3. Analysis Result Comparisons

Investigation and referring to foreign related failure statistics can provide good experience for domestic pipeline operators, while figuring out their own management level for continuous improvement.

3.1. Failure Frequencies

Compared with the failure frequencies (5 years’ moving average) at home and abroad in the past 10 years, the value of PNGPC’s oil pipelines is higher than that of the US, while that of PNGPC’s gas pipeline is roughly at the same level compared to the US and slightly lower than the European (see Figures 15 and 16).

Figure 15: Compared failure frequencies for oil pipelines.
Figure 16: Compared failure frequencies for gas pipelines.
3.2. Failure Causes

(1) Illegal Tap. Restricted by the current situation of China’s social and economic development, this cause becomes China’s top 1 factor of pipeline failure during the last 10 years, which rarely happens in the US and Europe. However, with the strengthening of legislation and publicity, the frequency is significantly reduced.

(2) Pipe/Weld Material Failure (Manufacturing Defect and Construction Defect). This factor leads to a higher proportion of failures both at home and abroad. With the promotion of technology and quality management, defects on pipe bodies can be effectively controlled. However, due to various constraints, it is difficult to guarantee the construction quality. Hence, girth weld defects, dents, gouges, and other defects will still exist to certain degrees.

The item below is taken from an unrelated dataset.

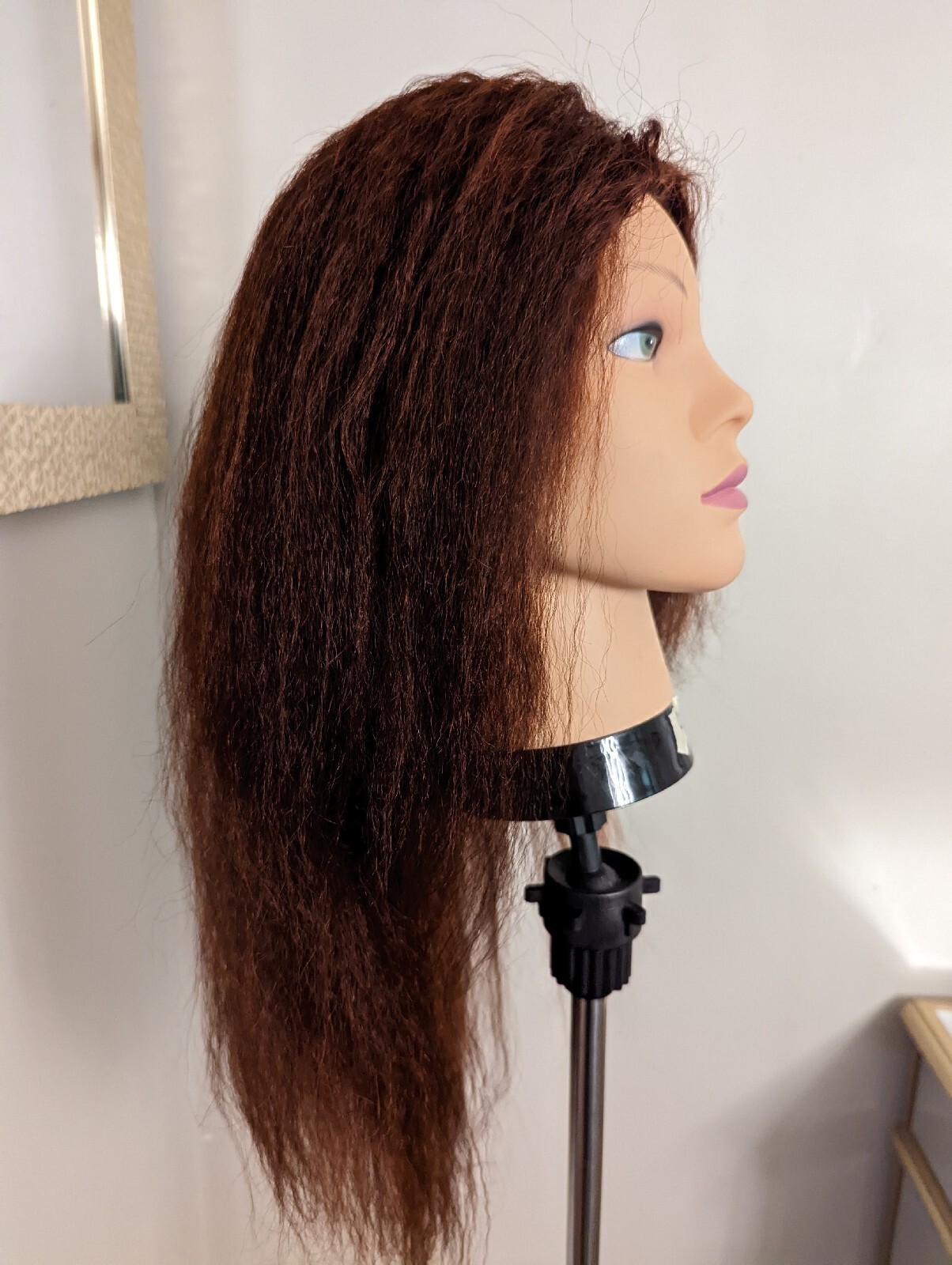 High Quality regular Top 22 to 24″ straight 100% Virgin Human Hair Lace Wig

(3) Corrosion. As for the abandonment of vintage pipelines and the promotion of integrity management, corrosion failures are effectively controlled, which is still one of the main factors of failures generally.

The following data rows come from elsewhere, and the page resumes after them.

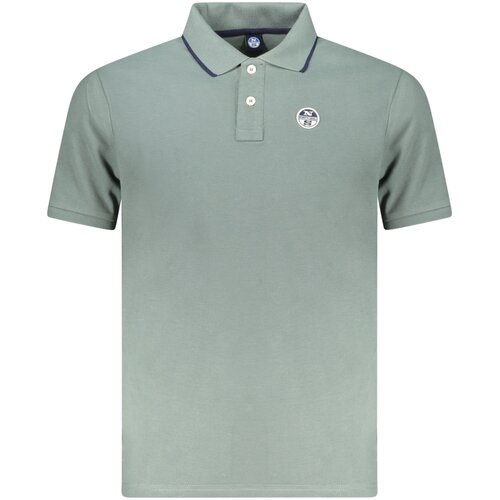 North Sails MEN&amp;amp;#39;S SHORT SLEEVE POLO GREEN Slike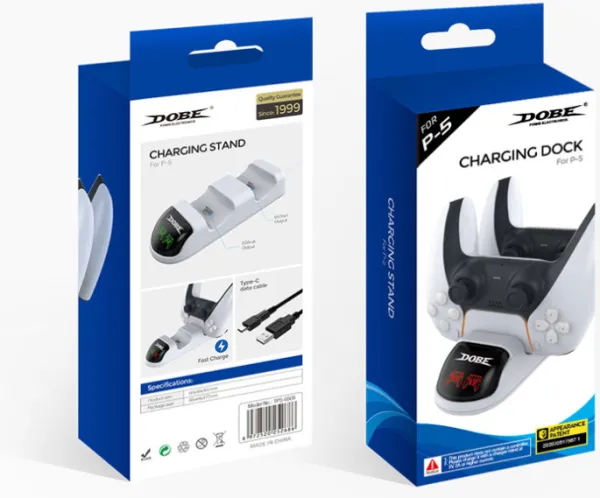 Stalak za kontroler PS5 DOBE TP5-0506 beli Slika 1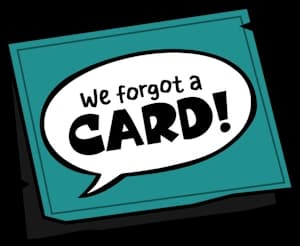 card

(4) Third Party. Failures due to this factor always occur in economically active areas between urban and rural both at home and abroad. As for pipeline patrolling in the US and Europe is not as timely and intensive as in China, the proportion of failure caused by this factor is slightly higher than that of China.

3.3. Failure Consequences

Compared with foreign countries, failure consequence data is quite deficient in China. Only the consequences of serious pipeline accidents will be recorded, including casualties, economic losses, and leakage.

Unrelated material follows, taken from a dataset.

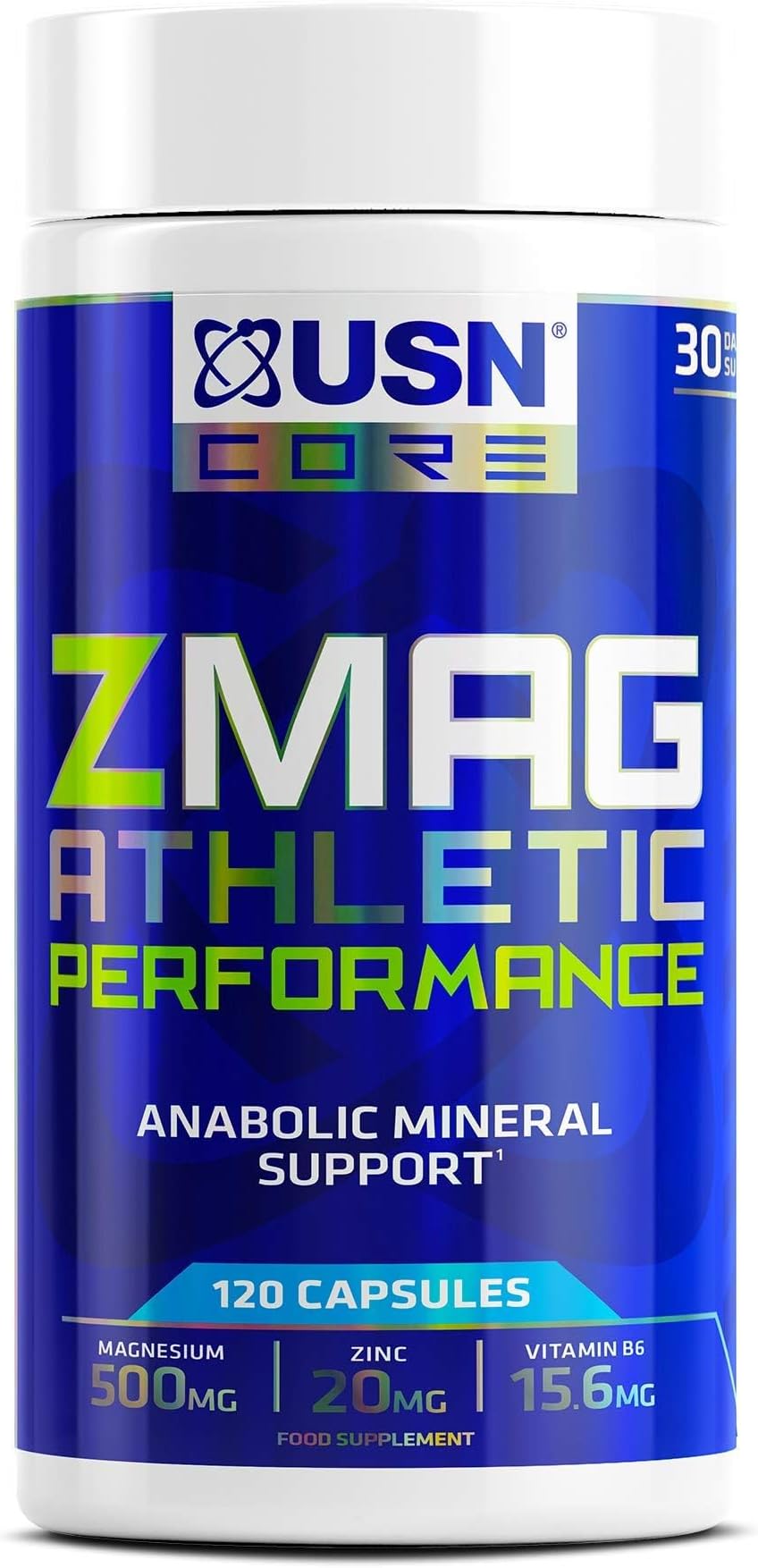 USN ZMAG, 120 Capsules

4. Conclusions and Suggestions

As for the concern from government and public on pipeline safety in China, management has been significantly improved by operators. Consequently, frequency of pipeline failures is decreasing. According to the statistical results, PNGPC is not very far compared with foreign countries. There are still some aspects both in technology and in management that should be improved, such as quality of manufacture and construction of pipeline and third party monitoring.


PHMSA:Pipeline and Hazardous Materials Safety Administration
EGIG:European Gas Pipeline Incident Data Group
UKOPA:United Kingdom Onshore Pipeline Operators’ Association
PNGPC:PetroChina Natural Gas & Pipeline Company.

Conflicts of Interest

The authors declare that there are no conflicts of interest regarding the publication of this paper.


Preparation of this paper was supported by the PNGPC; this is gratefully acknowledged by coauthors Dongpo Wang, Ting Wang, Qingshan Feng, and Xinqi Yang. Thanks are also due to numerous past and present colleagues for insights and helpful discussions.